## Entries provided:

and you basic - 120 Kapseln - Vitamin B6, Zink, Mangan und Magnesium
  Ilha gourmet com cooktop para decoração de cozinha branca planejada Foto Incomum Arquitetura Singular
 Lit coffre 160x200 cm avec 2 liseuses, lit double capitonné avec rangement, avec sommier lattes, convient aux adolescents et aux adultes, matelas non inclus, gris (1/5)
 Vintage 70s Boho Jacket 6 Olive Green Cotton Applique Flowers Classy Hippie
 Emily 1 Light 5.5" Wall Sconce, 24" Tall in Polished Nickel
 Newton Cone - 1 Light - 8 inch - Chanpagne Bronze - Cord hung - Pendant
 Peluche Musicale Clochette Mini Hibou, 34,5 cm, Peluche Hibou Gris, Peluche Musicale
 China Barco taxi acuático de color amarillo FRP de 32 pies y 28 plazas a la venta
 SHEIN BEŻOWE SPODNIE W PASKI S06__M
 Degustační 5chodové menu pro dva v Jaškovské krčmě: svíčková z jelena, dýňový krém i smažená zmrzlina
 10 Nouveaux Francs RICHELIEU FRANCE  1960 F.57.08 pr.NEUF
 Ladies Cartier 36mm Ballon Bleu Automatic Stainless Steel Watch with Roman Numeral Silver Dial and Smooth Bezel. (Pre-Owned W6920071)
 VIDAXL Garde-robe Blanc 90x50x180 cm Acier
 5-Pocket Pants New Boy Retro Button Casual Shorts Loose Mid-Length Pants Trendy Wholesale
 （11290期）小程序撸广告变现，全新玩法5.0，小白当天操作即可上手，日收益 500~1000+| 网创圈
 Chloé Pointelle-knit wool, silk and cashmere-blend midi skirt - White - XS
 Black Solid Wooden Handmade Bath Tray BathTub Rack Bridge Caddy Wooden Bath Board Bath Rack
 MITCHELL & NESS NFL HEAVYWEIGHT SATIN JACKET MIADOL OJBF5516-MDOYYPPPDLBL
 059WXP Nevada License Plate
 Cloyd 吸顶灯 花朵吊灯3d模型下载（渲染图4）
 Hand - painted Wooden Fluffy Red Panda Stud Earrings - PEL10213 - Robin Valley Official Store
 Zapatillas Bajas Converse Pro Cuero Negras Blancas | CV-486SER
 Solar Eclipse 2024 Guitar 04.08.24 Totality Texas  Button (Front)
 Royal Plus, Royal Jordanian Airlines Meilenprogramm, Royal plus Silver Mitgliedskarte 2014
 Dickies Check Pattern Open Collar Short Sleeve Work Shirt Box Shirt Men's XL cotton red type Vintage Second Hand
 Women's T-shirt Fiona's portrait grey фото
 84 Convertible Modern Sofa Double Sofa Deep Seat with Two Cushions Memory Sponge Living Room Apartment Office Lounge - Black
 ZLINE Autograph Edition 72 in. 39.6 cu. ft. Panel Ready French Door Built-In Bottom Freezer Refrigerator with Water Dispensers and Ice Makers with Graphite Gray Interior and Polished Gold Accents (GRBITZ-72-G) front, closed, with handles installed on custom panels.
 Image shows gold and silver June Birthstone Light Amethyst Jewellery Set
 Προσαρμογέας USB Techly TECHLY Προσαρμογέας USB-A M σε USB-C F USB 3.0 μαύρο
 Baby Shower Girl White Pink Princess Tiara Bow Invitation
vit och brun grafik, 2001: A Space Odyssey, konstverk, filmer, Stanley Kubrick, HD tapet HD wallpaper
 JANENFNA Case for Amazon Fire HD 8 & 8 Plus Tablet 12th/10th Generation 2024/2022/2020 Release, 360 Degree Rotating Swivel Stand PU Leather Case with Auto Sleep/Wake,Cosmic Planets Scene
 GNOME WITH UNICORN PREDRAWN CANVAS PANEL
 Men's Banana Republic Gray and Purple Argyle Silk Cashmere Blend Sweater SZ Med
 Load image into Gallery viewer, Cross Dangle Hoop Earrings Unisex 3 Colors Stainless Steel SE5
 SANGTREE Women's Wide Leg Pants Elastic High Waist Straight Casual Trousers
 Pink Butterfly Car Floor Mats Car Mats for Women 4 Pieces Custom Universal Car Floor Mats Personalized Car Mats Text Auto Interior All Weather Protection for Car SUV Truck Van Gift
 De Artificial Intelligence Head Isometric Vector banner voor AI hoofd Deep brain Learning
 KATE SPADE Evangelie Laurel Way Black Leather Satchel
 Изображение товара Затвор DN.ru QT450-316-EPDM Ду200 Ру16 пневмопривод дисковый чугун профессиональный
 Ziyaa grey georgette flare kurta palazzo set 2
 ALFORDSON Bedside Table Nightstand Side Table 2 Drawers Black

## About this task:
The answer is all of the material, repeated exactly.

## Solution for this exercise:
and you basic - 120 Kapseln - Vitamin B6, Zink, Mangan und Magnesium
  Ilha gourmet com cooktop para decoração de cozinha branca planejada Foto Incomum Arquitetura Singular
 Lit coffre 160x200 cm avec 2 liseuses, lit double capitonné avec rangement, avec sommier lattes, convient aux adolescents et aux adultes, matelas non inclus, gris (1/5)
 Vintage 70s Boho Jacket 6 Olive Green Cotton Applique Flowers Classy Hippie
 Emily 1 Light 5.5" Wall Sconce, 24" Tall in Polished Nickel
 Newton Cone - 1 Light - 8 inch - Chanpagne Bronze - Cord hung - Pendant
 Peluche Musicale Clochette Mini Hibou, 34,5 cm, Peluche Hibou Gris, Peluche Musicale
 China Barco taxi acuático de color amarillo FRP de 32 pies y 28 plazas a la venta
 SHEIN BEŻOWE SPODNIE W PASKI S06__M
 Degustační 5chodové menu pro dva v Jaškovské krčmě: svíčková z jelena, dýňový krém i smažená zmrzlina
 10 Nouveaux Francs RICHELIEU FRANCE  1960 F.57.08 pr.NEUF
 Ladies Cartier 36mm Ballon Bleu Automatic Stainless Steel Watch with Roman Numeral Silver Dial and Smooth Bezel. (Pre-Owned W6920071)
 VIDAXL Garde-robe Blanc 90x50x180 cm Acier
 5-Pocket Pants New Boy Retro Button Casual Shorts Loose Mid-Length Pants Trendy Wholesale
 （11290期）小程序撸广告变现，全新玩法5.0，小白当天操作即可上手，日收益 500~1000+| 网创圈
 Chloé Pointelle-knit wool, silk and cashmere-blend midi skirt - White - XS
 Black Solid Wooden Handmade Bath Tray BathTub Rack Bridge Caddy Wooden Bath Board Bath Rack
 MITCHELL & NESS NFL HEAVYWEIGHT SATIN JACKET MIADOL OJBF5516-MDOYYPPPDLBL
 059WXP Nevada License Plate
 Cloyd 吸顶灯 花朵吊灯3d模型下载（渲染图4）
 Hand - painted Wooden Fluffy Red Panda Stud Earrings - PEL10213 - Robin Valley Official Store
 Zapatillas Bajas Converse Pro Cuero Negras Blancas | CV-486SER
 Solar Eclipse 2024 Guitar 04.08.24 Totality Texas  Button (Front)
 Royal Plus, Royal Jordanian Airlines Meilenprogramm, Royal plus Silver Mitgliedskarte 2014
 Dickies Check Pattern Open Collar Short Sleeve Work Shirt Box Shirt Men's XL cotton red type Vintage Second Hand
 Women's T-shirt Fiona's portrait grey фото
 84 Convertible Modern Sofa Double Sofa Deep Seat with Two Cushions Memory Sponge Living Room Apartment Office Lounge - Black
 ZLINE Autograph Edition 72 in. 39.6 cu. ft. Panel Ready French Door Built-In Bottom Freezer Refrigerator with Water Dispensers and Ice Makers with Graphite Gray Interior and Polished Gold Accents (GRBITZ-72-G) front, closed, with handles installed on custom panels.
 Image shows gold and silver June Birthstone Light Amethyst Jewellery Set
 Προσαρμογέας USB Techly TECHLY Προσαρμογέας USB-A M σε USB-C F USB 3.0 μαύρο
 Baby Shower Girl White Pink Princess Tiara Bow Invitation
vit och brun grafik, 2001: A Space Odyssey, konstverk, filmer, Stanley Kubrick, HD tapet HD wallpaper
 JANENFNA Case for Amazon Fire HD 8 & 8 Plus Tablet 12th/10th Generation 2024/2022/2020 Release, 360 Degree Rotating Swivel Stand PU Leather Case with Auto Sleep/Wake,Cosmic Planets Scene
 GNOME WITH UNICORN PREDRAWN CANVAS PANEL
 Men's Banana Republic Gray and Purple Argyle Silk Cashmere Blend Sweater SZ Med
 Load image into Gallery viewer, Cross Dangle Hoop Earrings Unisex 3 Colors Stainless Steel SE5
 SANGTREE Women's Wide Leg Pants Elastic High Waist Straight Casual Trousers
 Pink Butterfly Car Floor Mats Car Mats for Women 4 Pieces Custom Universal Car Floor Mats Personalized Car Mats Text Auto Interior All Weather Protection for Car SUV Truck Van Gift
 De Artificial Intelligence Head Isometric Vector banner voor AI hoofd Deep brain Learning
 KATE SPADE Evangelie Laurel Way Black Leather Satchel
 Изображение товара Затвор DN.ru QT450-316-EPDM Ду200 Ру16 пневмопривод дисковый чугун профессиональный
 Ziyaa grey georgette flare kurta palazzo set 2
 ALFORDSON Bedside Table Nightstand Side Table 2 Drawers Black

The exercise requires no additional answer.